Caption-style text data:
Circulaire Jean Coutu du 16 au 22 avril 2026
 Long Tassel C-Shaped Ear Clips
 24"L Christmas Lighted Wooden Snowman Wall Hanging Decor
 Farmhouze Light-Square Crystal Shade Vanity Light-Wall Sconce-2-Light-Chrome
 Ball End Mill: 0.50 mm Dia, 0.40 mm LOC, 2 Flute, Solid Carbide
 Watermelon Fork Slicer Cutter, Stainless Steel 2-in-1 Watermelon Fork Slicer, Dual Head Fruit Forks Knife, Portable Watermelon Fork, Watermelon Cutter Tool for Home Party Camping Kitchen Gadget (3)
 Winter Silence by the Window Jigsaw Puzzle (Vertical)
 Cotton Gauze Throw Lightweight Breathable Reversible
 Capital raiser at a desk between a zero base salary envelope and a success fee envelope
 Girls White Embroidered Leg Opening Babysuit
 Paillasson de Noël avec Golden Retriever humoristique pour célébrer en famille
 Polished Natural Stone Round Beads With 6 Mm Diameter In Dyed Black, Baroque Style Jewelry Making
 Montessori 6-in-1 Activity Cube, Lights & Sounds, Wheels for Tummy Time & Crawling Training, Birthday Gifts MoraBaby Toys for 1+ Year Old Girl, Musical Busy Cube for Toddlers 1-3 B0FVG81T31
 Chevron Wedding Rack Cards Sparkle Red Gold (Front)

• TASK DETAILS: An exact copy of all the records above is needed.

• ANSWER TO THIS EXERCISE:
Circulaire Jean Coutu du 16 au 22 avril 2026
 Long Tassel C-Shaped Ear Clips
 24"L Christmas Lighted Wooden Snowman Wall Hanging Decor
 Farmhouze Light-Square Crystal Shade Vanity Light-Wall Sconce-2-Light-Chrome
 Ball End Mill: 0.50 mm Dia, 0.40 mm LOC, 2 Flute, Solid Carbide
 Watermelon Fork Slicer Cutter, Stainless Steel 2-in-1 Watermelon Fork Slicer, Dual Head Fruit Forks Knife, Portable Watermelon Fork, Watermelon Cutter Tool for Home Party Camping Kitchen Gadget (3)
 Winter Silence by the Window Jigsaw Puzzle (Vertical)
 Cotton Gauze Throw Lightweight Breathable Reversible
 Capital raiser at a desk between a zero base salary envelope and a success fee envelope
 Girls White Embroidered Leg Opening Babysuit
 Paillasson de Noël avec Golden Retriever humoristique pour célébrer en famille
 Polished Natural Stone Round Beads With 6 Mm Diameter In Dyed Black, Baroque Style Jewelry Making
 Montessori 6-in-1 Activity Cube, Lights & Sounds, Wheels for Tummy Time & Crawling Training, Birthday Gifts MoraBaby Toys for 1+ Year Old Girl, Musical Busy Cube for Toddlers 1-3 B0FVG81T31
 Chevron Wedding Rack Cards Sparkle Red Gold (Front)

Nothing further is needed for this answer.